The GAO noted (p.12) the concern of one national laboratory scientist about the possibility of false negatives that detectors could
“conceivably misidentify HEU as a benign nuclear or radiological material or not detect it at all, particularly if the HEU is placed side by side with a non-threatening material, such as kitty litter.”
*Even if this radiation detection technology worked 100% of the time, it would not provide 100% protection against nuclear smuggling as smugglers might circumvent major ports and border crossings where this technology would be installed, instead using smaller, less traveled border crossings. As an example, Lawrence Scott Sheets and William J. Broad, in a January report in the International Herald Tribune about the case of a Russian citizen, Oleg Khinsagov, arrested in the Republic of Georgia last year for smuggling and attempting to sell a sample of HEU, warn about the problem of poorly policed border crossings and noted that the smuggler had traveled from Russia to Tbilisi by a high mountain road.

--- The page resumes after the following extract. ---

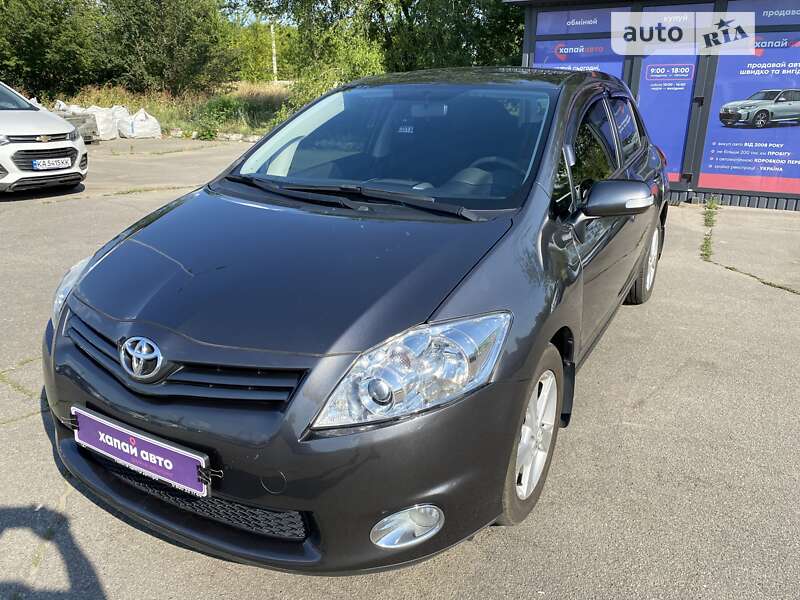 Toyota Auris (2012)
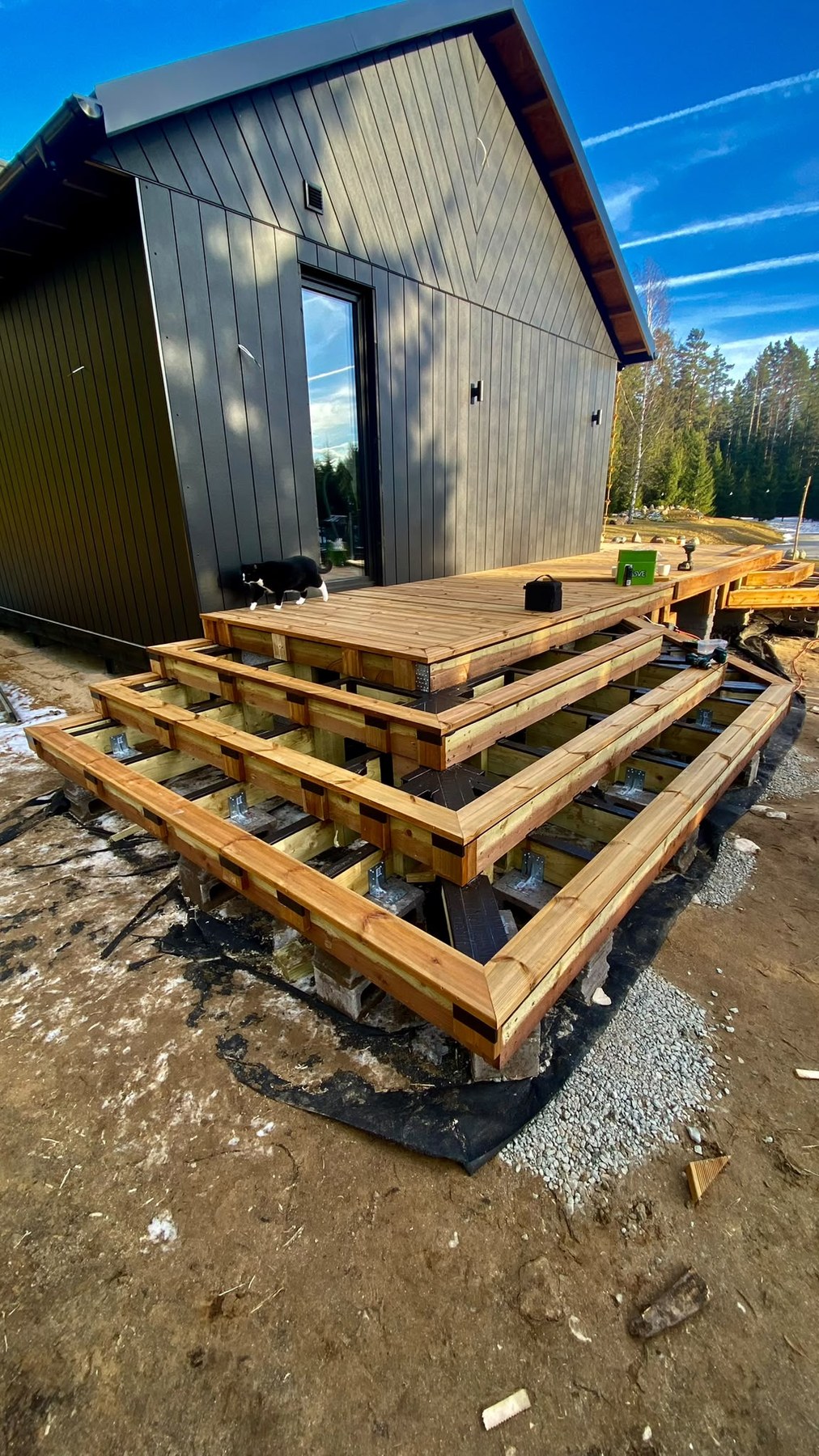 Terrassiehitus lähedalt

*Another GAO report from January reveals that the Department of Energy has made only limited progress in securing many of the most vulnerable sources of radiological material (that could be used to make a dirty bomb). Despite this limited progress, the funding for international radiological threat reduction program at the Department of Energy has been drastically cut in the past years (cut from $24 million in the FY 2006 budget request to $6 million in the FY 2008 budget request).
These reports reflect a questionable approach of focusing resources and energy on technologies that are not yet ripe deployed at locations that are not truly choke-points against the threat of nuclear or radiological terrorism.
Given limited resources, the danger is that these efforts may distract resources and attention away from proven methods to control nuclear materials at the source where it is produced and used. Verified control at the source represents our best chance to prevent the theft or diversion of nuclear material and this approach should be the focus of our political and financial resources rather than single-minded pursuit of a porous and technically elusive last line of defense at the border.